Güncelleme Tarihi:
Enerji ve Tabi Kaynaklar Bakanı Taner Yıldız, Türkiye Odalar ve Borsalar Birliği (TOBB) Sıvılaştırılmış Petrol Gazı (LPG) Meclisi Üyeleri ile bakanlıkta bir görüşme yaptı. Yıldız, burada yaptığı açıklamada, bakanlık olarak yeni bir Cem Uzan davası ile karşı karşıya olduklarını açıkladı. Bugüne kadar 4 büyük davayı 10 yıl sonra kazanıldığını aktaran Yıldız, bunlar yetmiyormuş gibi Stockholm Mahkemeleri’ne miktarı 2,5 milyar Euro olan davalar açıldığını belirterek, şunları kaydetti:
"Bu artık Türkiye’nin siyasi istikrarına konulmuş olan keneleri alma girişimidir. Türkiye mutlaka bu kenelerinden kurtulacaktır. Tutup da ayağından sürekli aşağı çekmek isteyenlere, büyümesine ve ilerlemesine karşı olanlarla mücadelemiz devam edecektir. Bununla alakalı uluslararası avukatlık firmalarından hizmet alımına gideceğiz. Benzer bir dava olduğu için emsal gösterip bu davanın kabul edilmemesi için ilk girişimlerimiz olacak. Elimizde çok fazla bu manada alınmış kararlar var. Bu açıdan bütün bunların her birisini ibraz edeceğiz. Türkiye’nin neredeyse tamamını isteyen bir yapı ile karşı karşıyayız. Biz vatandaşımızın hakkı olan bir kuruşu vermeyiz."

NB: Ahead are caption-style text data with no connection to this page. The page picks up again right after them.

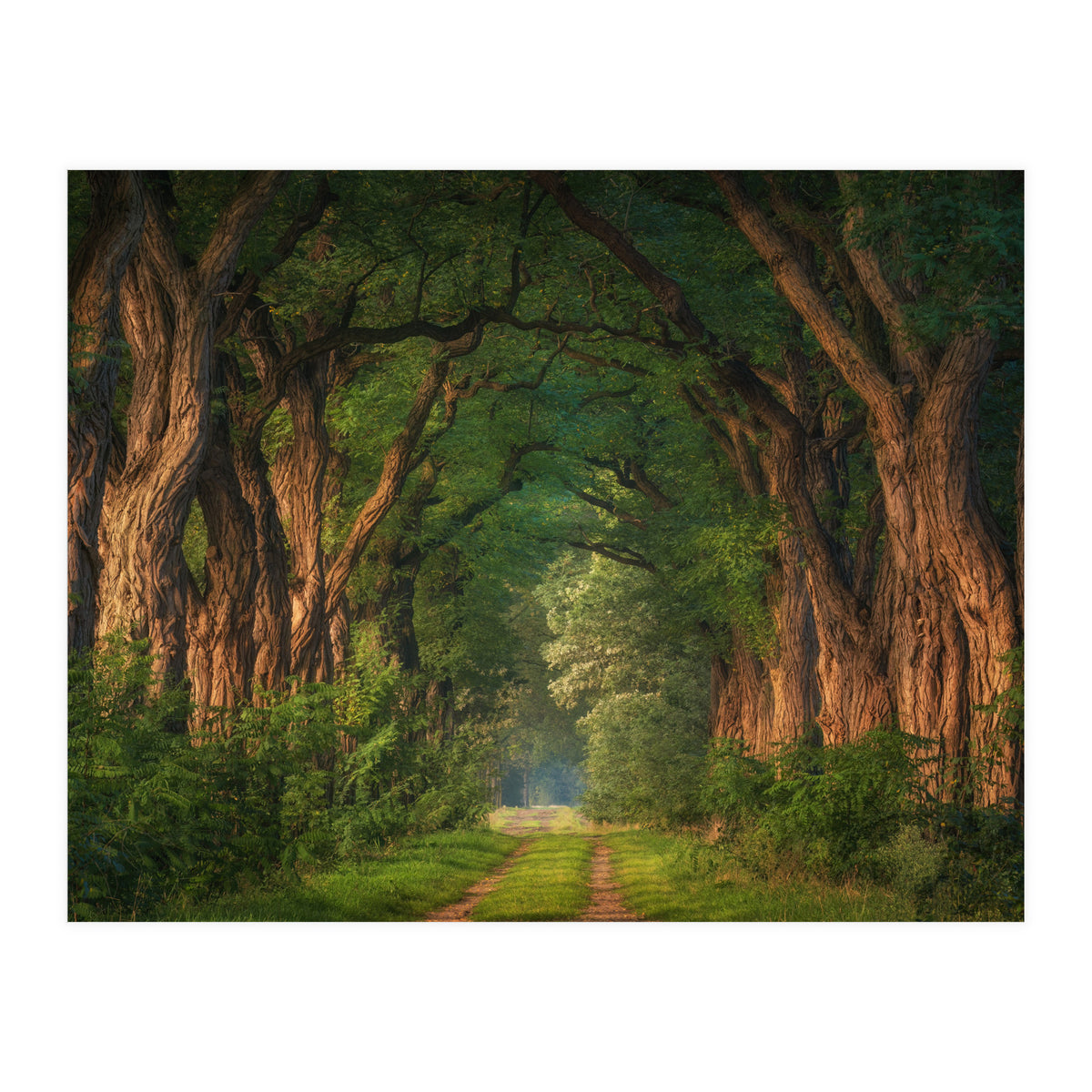 Soft morning light (Print Only)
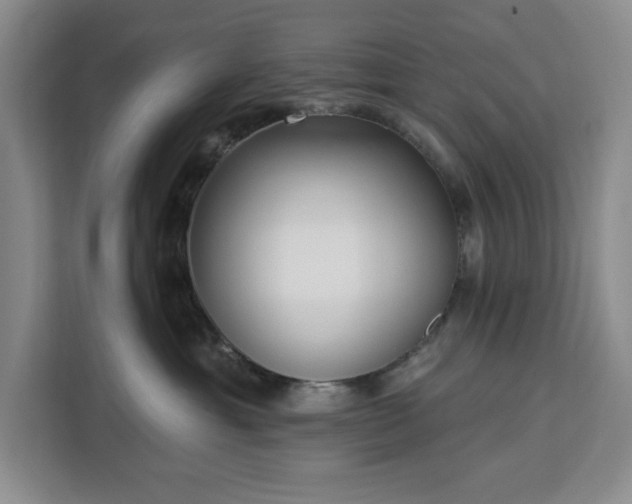 X0000112940429200908311453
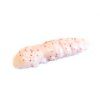 fishiup Pupa white 1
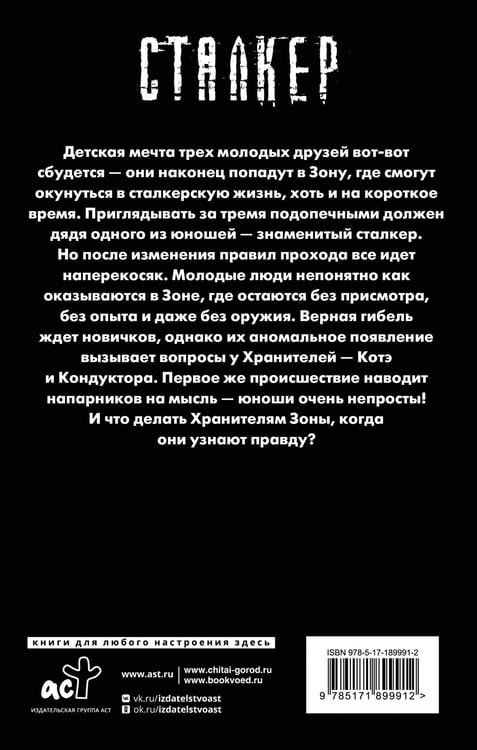 Дополнительное изображение книги «Зона Питер. Суперпроводник»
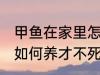 甲鱼在家里怎么养才不死 甲鱼在家里如何养才不死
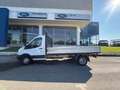 Ford Transit Transit 350 2.2TDCi 155CV PL-SL-RG RWD Cabinato T Bianco - thumbnail 2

'TÜRKİYE ENERJİSİNİ HARCAMAYACAK'
Yıldız, konuşmasının ardından bir gazetecinin, “Dava hakkında ibraz ayrıntı verebilir misiniz?” sorusuna ise şu cevabı verdi: “Stockholm Ticaret Odası Tahkim Mahkemeleri’nde ÇEAŞ ve Kepez’deki hisse sahibi olduğu ve adı geçen şirketlerin imtiyaz sözleşmelerinin iptal edilerek el konulması, diye kendileri ifade ediyor. Biz, imtiyaz sözleşmelerinin, üretim dağıtım ve iletim hatlarının imtiyazının kaldırılması ile ilgili karar almıştık. Ve bu şekilde tazminat oluştuğunu kendileri söylüyorlar. Halbuki, aynı konuda, Libenanco denilen konuda da 15,6 milyar dolarlık ve hem Polonya da hem de Eurosament davasında yaklaşık 5 milyar dolarlık iki ayrı talepleri olmuştu. Uluslararası tahkim heyeti uzun süre araştırma yaptılar. Bu kararlardan üçünün temyizi yoktu, birinin vardı. Libanenco ile temyiz mahkemesi aynı doğrultu da karar verdi. Bu ortakların, imtiyaz hakkının kaldırılması ile alakalı ayrı bir zarar uğramadığına dair karar vermişti. Uluslararası Yatırım Uyuşmazlıkları Çözüm Merkezi’ndeki bu davalar nihayetlenmişti. Yani hem temyiz yolları kapanmış hem de tahkim açısında bütün hukuk yolları kapanmıştı. Aynı gerekçe ile kendilerinin mağdur olduğunu ve bu mağduriyetlerinin tazminata ulaştırılması ile alakalı aynı konuda Stockholm Ticaret Odası’ndaki tahkim merkezine dava açtılar. Bize göre bu davanın başlatılması da doğru bir işlem değildir. Bununla alakalı bizim işimiz gücümüz var. Biz ileri bakacağız. Geriye dönük, bu davaları kapattık. Türkiye enerjisini bu tür konulara harcamayacak."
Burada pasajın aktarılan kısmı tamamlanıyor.